Il futuro della natura: le domande della filosofia

Incontro «Filosofia e Natura» al liceo Elena Principessa di Napoli
29-01-2021

La filosofia interroga

“Come deve essere il mondo perché il martire possa vivere?”. A partire dalla domanda attribuita a Platone e indirizzata alla politica, ci interroghiamo su come debba essere il mondo perché non ci siano altri martiri, cioè altre vittime.

La domanda che nasce dalla filosofia è come immaginare il mondo, in altre parole, come pensare il futuro. Non è una domanda innocua. Non c’è più il futuro di una volta, un futuro sul quale si poteva scommettere perché sicuramente avrebbe portato qualcosa di meglio, meno ingiustizie e più prosperità. Un tempo era il futuro a sorridere all’umanità e la sola evocazione della prospettiva attirava a sé come una calamita. Era per tutti rassicurante il fatto di avere a disposizione un orizzonte che avrebbe riscattato gli insuccessi del tempo presente, le battute d’arresto, i fallimenti.  La stessa parola ‘progresso’ ha perso via via appeal. E per una ragione semplice: l’andare avanti (il progredior) della gente oggi è meno baldanzoso, più incerto e a zigzagante, scarsamente motivato, anche perché in molti casi il futuro si è trasformato in un gigantesco punto interrogativo. Se fino a qualche decennio fa giovani e futuro facevano coppia fissa, oggi stanno agli antipodi. L’accesso al futuro è contorto, difficile da praticare, spesso bloccato. Se le cose stanno così meglio ripiegare sul presente, dilatarlo all’infinito rendendolo controllabile e gestibile. E al tempo stesso rottamare il passato, mettendolo in soffitta per sempre. In tal senso il presente non è più trampolino al futuro, luogo di progetti personali e tantomeno collettivi, ma un serbatoio di emozioni da collezionare; mentre il passato è zavorra da cui liberarsi al più presto. Come scrive Marc Auge:”Agli occhi dei comuni mortali il futuro non è più frutto della lenta maturazione del passato, non lascia trasparire i lineamenti di possibili futuri, ma si impone come un fatto compiuto, schiacciante, il cui improvviso sorgere fa sparire il passato e satura l’immaginazione del futuro (Cfr. ID, Che fine ha fatto il futuro? Dai nonluoghi al nontempo, Milano, 2009, 27). D’altra parte il presente è messo sotto pressione da un’accelerazione senza futuro, ben descritta dall’immagine del girare a vuoto in una ruota da criceto, oppure dall’atleta che sul tapis roulant, sigillato dagli auricolari dell’Ipod e con lo sguardo estatico verso i cristalli liquidi di una rappresentazione qualunque, corre a più non posso senza spostarsi di alcunchè (Cfr. S. Tagliapietra, Prefazione a D. Fusaro, Essere senza tempo, Accelerazione della storia e della vita, Milano, 2010, 17).
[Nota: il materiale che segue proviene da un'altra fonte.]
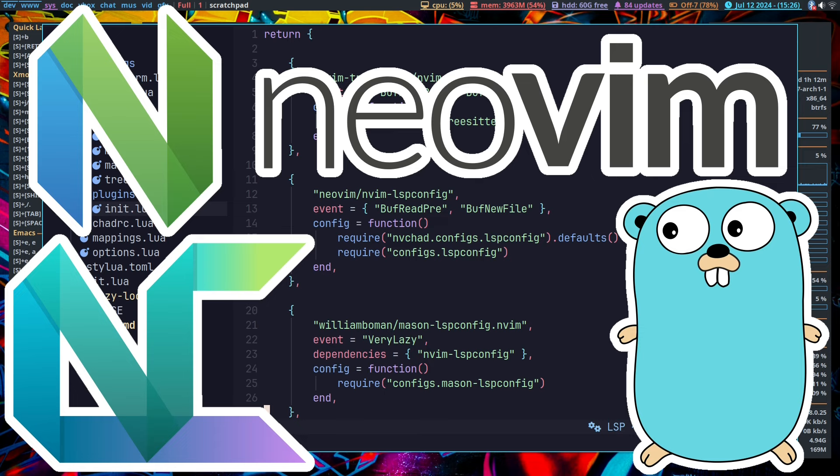I'm going to be working with the setup that we finished off with the very first NeoVim NVChad video, so you don't need anything else besides that. You'll want to already have followed that video. This video will just be adding on from there — adding the Go language. You don't need to watch the C or C++ video; this is standalone from that.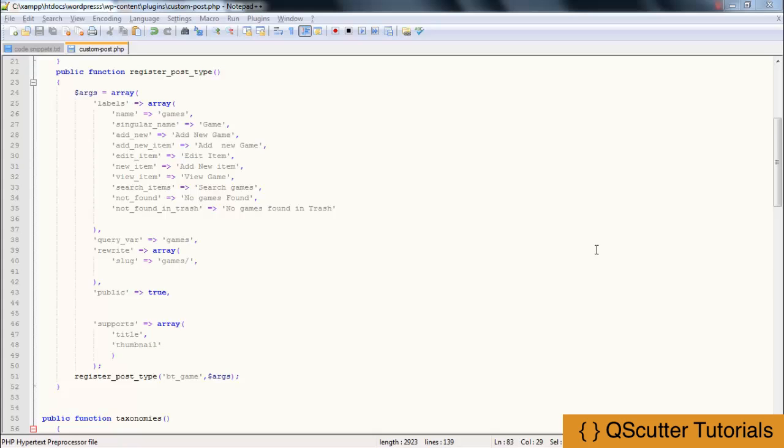Now we are going to move forward to MetaBox's creation. The first thing is what is MetaBox and what it really can do.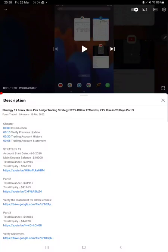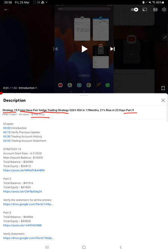Hello everyone, welcome to Forex Trade 1. Today we are updating Strategy 19, Forex Hexa-Pair Strategy Part 10. The last video, Part 9, was published on 8th of February, and within one month we are back with a new update.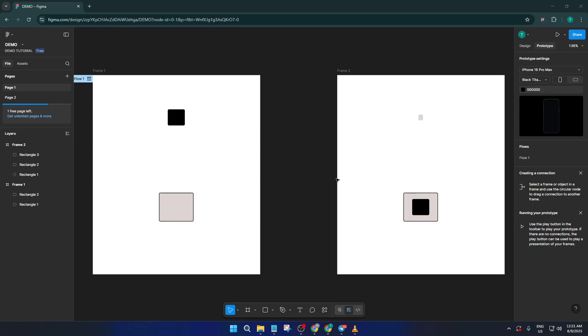Today, I'm going to walk you through, step by step, how to set up a drag and drop interaction in Figma. By the end of this video, you'll know exactly how to make your UI elements respond to user gestures, which is super useful for demonstrating apps, games, or even just sprucing up your design presentations.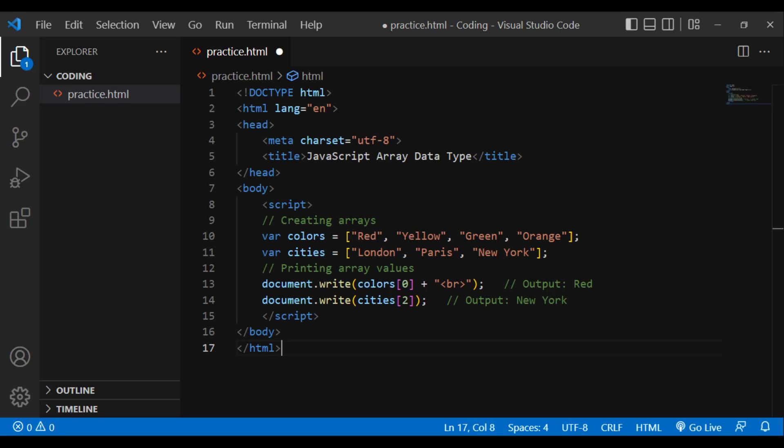Example: DOCTYPE html, html lang='en', head, meta charset='utf-8', title: JavaScript array data type, slash head, body, script. Creating arrays: var colors = ['red', 'yellow', 'green', 'orange'], var cities = ['London', 'Paris', 'New York']. Printing array values: document.write(colors[0] + br) — output: red, document.write(cities[2]) — output: New York. Slash script, slash body, slash html.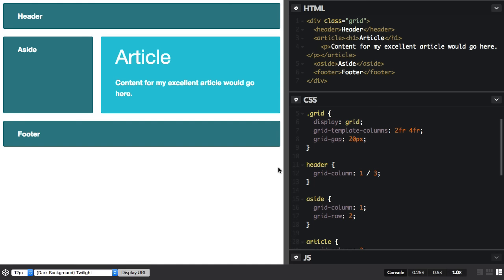I've got a grid here and it defines a simple layout. We've got a header and a sidebar, a main article and a footer.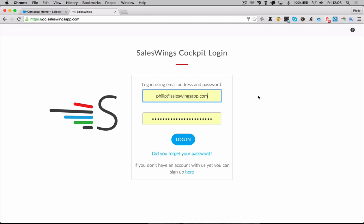Hi, this is Philip. I'm the CEO and co-founder of SalesWings. Today I'd like to quickly show you how you can connect SalesWings to Salesforce and get the sync running of lead scoring and lead engagement data to Salesforce.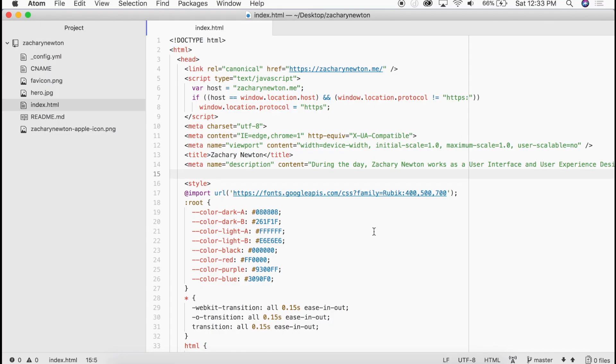All right, so I have my website up right here and this is my ZacharyNewton.me website. You can see right here. And I'm going to show you how we're going to go ahead and add these Open Graph tags to this website so we can get that rich preview.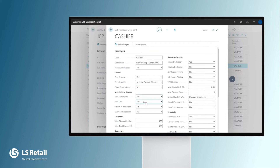They can void a line, and they cannot do a sale return. Importantly, the max discount to give on a line level is 5%, and the max total discount for a sale is 5% as well. And there are more options for the setup on this card.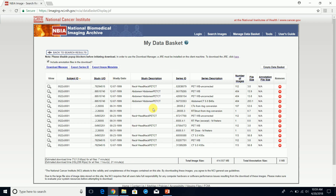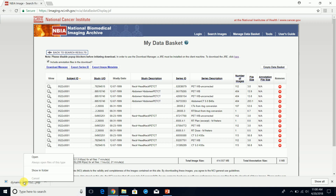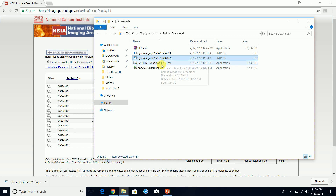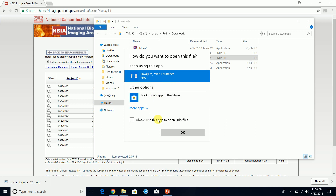We have one study selected — it's 400 megabytes. You can download multiple studies if you want. Now we're going to click on Manage Data Basket, then click on Download Manager. It's going to download the JNLP file. We want to keep it, then show in folder. Let's open it with Java Web Launcher — that's what we want.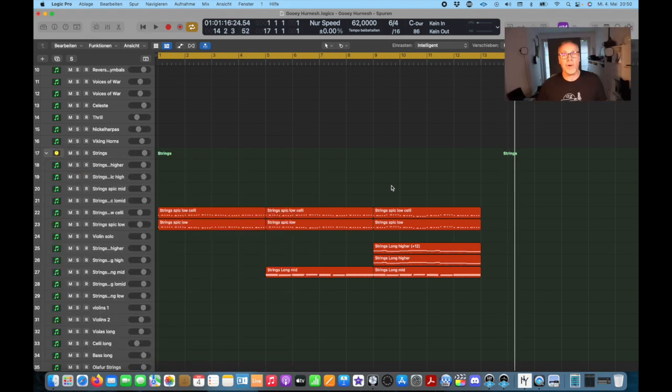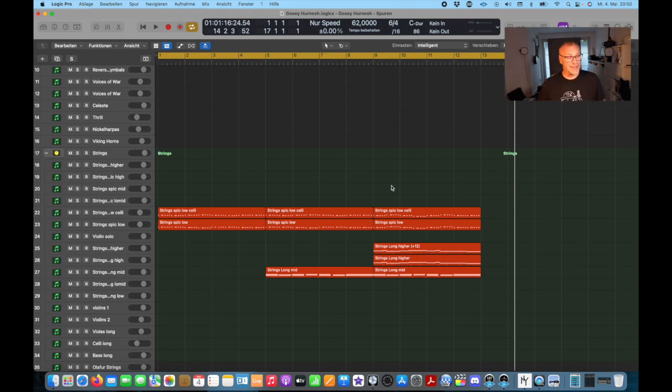And a big organ and some really low drums at the end. So, that's it.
Oggi dunque il futuro non è agognato, perché in esso non si prefigura niente di buono. E quel che più impressiona è che nonostante strumenti tecnici di misurazione impensabili fino a pochi decenni fa non riusciamo a prevedere quel che accadrà, fa notare sempre M. Augè. Non abbiamo previsto il ’68, o l’occupazione della scena pubblica da parte dell’Islam, o la caduta del muro di Berlino, o la crisi del 2008, o la … pandemia..

         

“Peggio di questa crisi c’è solo il dramma di sprecarla”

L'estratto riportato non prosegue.